No. It is not a pass that translates from LLVM-IR to LLVM-IR, but it
creates new LLVM-IR from a polyhedral description. So without Scops and
therefore without a polyhedral description it cannot be used.
>> Could you indicate how is this handled in llvm-gcc?
The only pass that generates OpenMP calls in llvm-gcc is the gcc
-autopar pass. It basically detects if a loop is parallel and introduces
calls to libgomp (I am not sure if it creates higher level intrinsics
that are lowered by a subsequent gcc pass to the actual libgomp calls or
equivalent instructions).
Alex, let me know what you are planning to do. Maybe we can work
together on some OpenMP infrastructure in LLVM. I would love to have
both a generic OpenMP builder that can be used by both your
transformations and Polly, as well as a Pass that lowers high level
OpenMP intrinsics to higher performance OpenMP code and low level
function calls.
Cheers
Tobi
> If you want to use the auto-parallelization part of Polly, you have to
> to restrict the form of the code on which data dependences can be
> computed: this is done by using SCoPs (Static Control Parts).
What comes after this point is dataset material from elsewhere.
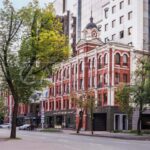 Оренда комерційної нерухомості по вул. Жилянська, 2328 м² | 2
In Polly we just generate OpenMP calls, if we need them. We do not
provide a generic OpenMP infrastructure (Something nice to have in LLVM
and where I would love to contribute). However, such a generic
infrastructure has a broader SCoP than the single specific OpenMP
pattern we implemented in Polly.
Cheers
Tobi
I mean you could rewrite that code to work on a per loop basis, like
graphite does: flag the parallel loops in the code generation of polly
and then independently of polly, as a LoopPass, iterate over all the
loops and code generate the parallel ones.
Sebastian
Yes, that's true and probably a good idea. It is more work as generating
it directly in Polly, but it facilitates reuse of code. We can probably
reuse quite a bit of the code in the existing OpenMP code generation.
We (or actually someone) may work on three things:
1) The high level OpenMP intrinsics that can be lowered to actual
library calls
This can be reused by an clang OpenMP extensions as well as by polly
directly.
2) An OpenMP builder, that allows to build OpenMP loops from scratch
3) The actual parallelizer, that takes an LLVM-IR loop and parallelizes
it with OpenMP intrinsics.
Cheers
Tobi
With it supported I think we can step much closer to natural
unification of OpenMP and multidimensional compute grids of GPU
programming models.
2011/9/12 Tobias Grosser <tob...@grosser.es>:
> With it supported I think we can step much closer to natural
> unification of OpenMP and multidimensional compute grids of GPU
> programming models.
I would be very interested to see a use case, where this improves
performance. In case this use case appears frequently, it would be nice
to see work in this direction. I would be glad to contribute to relevant
discussions.
Cheers
Tobi
> What I am looking for is a pass that can automatically build the
> structure of parameters required for the thread creation and execution,
> and modify the loop code accordingly. Namely, to load the parameters
> necessary for the thread into a structure and replace the use of these
> values inside the loop with the corresponding field in the structure.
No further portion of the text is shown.